What is this all about?
First off, the patent;
Ranking documents based on user behavior and/or feature data
Invented by Jeffrey A. Dean, Corin Anderson and Alexis Battle
Assigned to Google Inc.
United States Patent 7,716,225
Granted May 11, 2010
Filed: June 17, 2004
Catch that last one? You know, that little minor technicality of it being filed some 6 years ago? This means we must take the leap that if it was incorporated it likely has been heavily augmented, weighted and dampened on all levels. It is a history lesson.
What were they looking at?
“...generating a model based on user behavior data associated with a group of documents. The method may also include assigning weights to links based on the model, where the links may include references from first documents to second documents in a set of documents”

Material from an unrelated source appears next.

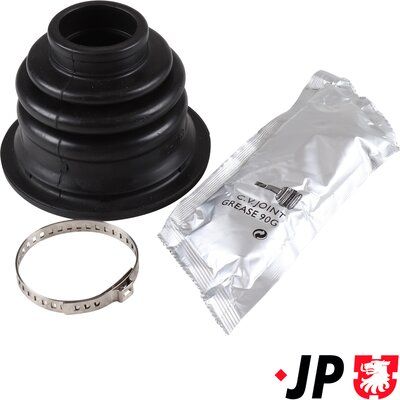 Комплект пыльника, приводной вал JP GROUP 1243701210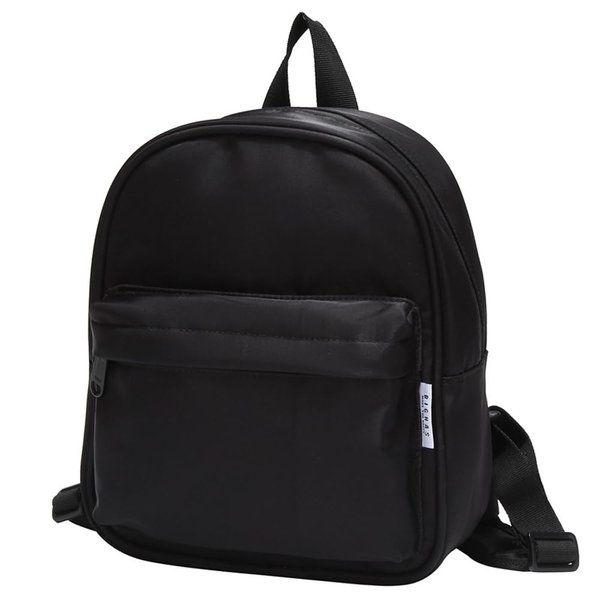 BIGHAS Lightweight Toddler Kids Backpack with Chest Strap For Boys and Girls, Preschool Kindergarten 3-6 Years Old 30 Colors (Black)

“...may also include means for assigning weights to references in a set of documents based on the model and means for assigning ranks to documents in the set of documents based on the weights assigned to the references.”
“...a reasonable surfer model that indicates that when a surfer accesses a document with a set of links, the surfer will follow some of the links with higher probability than others. This reasonable surfer model reflects the fact that not all of the links associated with a document are equally likely to be followed. Examples of unlikely followed links may include "Terms of Service" links, banner advertisements, and links unrelated to the document. “
Of note, the world of behavioural data wasn't nearly what it is these days. Anyway, this patent looks at a simpler level of query analysis from existing data sets. They are looking at identifying less valuable types of links based on user interactions.
Know thine enemy well
Next we take another logical step and look at a few authors of it; of note, Jeffery Dean.We can see he is a Google research geek. And on his profile there are some interesting tidbits such as;
“Some aspects of our search ranking algorithms, notably improved handling for dealing with off-page signals such as anchor text.”
“The design and implementation of prototyping infrastructure for rapid development and experimentation with new ranking algorithms.”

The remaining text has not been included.